L’iniziativa arriva dopo le recenti dichiarazioni del presidente del DSU Toscana sulla residenza universitaria. Proprio a partire da quelle parole, i due esponenti della maggioranza che sostiene la sindaca Nicoletta Fabio sollecitano indicazioni più precise sul futuro dell’immobile.
La richiesta di tempi certi per la riapertura
“Abbiamo letto con interesse che il presidente del DSU Toscana è tornato a parlare pubblicamente della residenza universitaria di via XXIV Maggio – dichiarano Bondi e Falorni –. A questo punto auspichiamo che lo stesso DSU possa anche fornire una stima dei tempi riguardo alla riapertura”.
L’obiettivo dell’interrogazione è quello di conoscere quali passaggi siano stati avviati dall’ente regionale, titolare della struttura, per riportare in funzione la residenza universitaria.
Una struttura strategica per il quartiere
La Casa dello Studente di via XXIV Maggio disponeva di circa 155 posti letto, un numero che – secondo i consiglieri – rappresentava una presenza significativa non solo per la popolazione studentesca ma anche per la vita del quartiere di San Prospero.
Da un lato viene evidenziato il tema della sicurezza. “Una struttura lasciata per troppo tempo abbandonata – sottolineano – può prestarsi a diventare un ambiente favorevole a occupazioni improprie”.
Dall’altro lato c’è l’impatto economico sul territorio.
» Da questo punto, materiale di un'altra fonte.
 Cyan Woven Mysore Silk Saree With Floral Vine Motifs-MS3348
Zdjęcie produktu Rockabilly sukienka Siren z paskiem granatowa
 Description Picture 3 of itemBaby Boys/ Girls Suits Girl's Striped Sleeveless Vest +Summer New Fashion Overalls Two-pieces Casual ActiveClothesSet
La presenza degli studenti contribuiva infatti alla vitalità commerciale della zona, mentre la chiusura della residenza avrebbe comportato una diminuzione del movimento e delle opportunità per le attività del quartiere.
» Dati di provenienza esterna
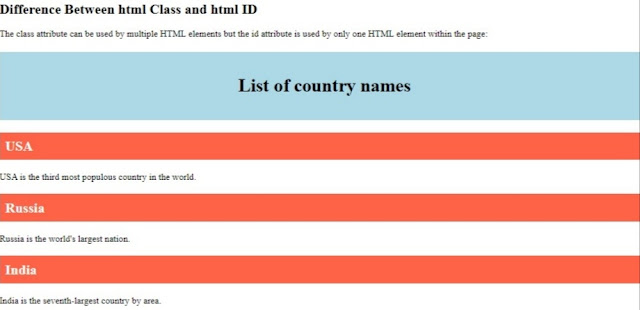 Difference between html class and html id attribute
L’interrogazione in Consiglio comunale
Proprio per questi motivi Bondi e Falorni hanno depositato l’interrogazione, chiedendo all’amministrazione comunale di relazionare sui rapporti con il DSU Toscana e sugli sviluppi della vicenda.
L’obiettivo, spiegano i due consiglieri, è arrivare a una prospettiva concreta che possa restituire alla città e al quartiere di San Prospero una struttura considerata strategica per la vita universitaria e per l’economia locale.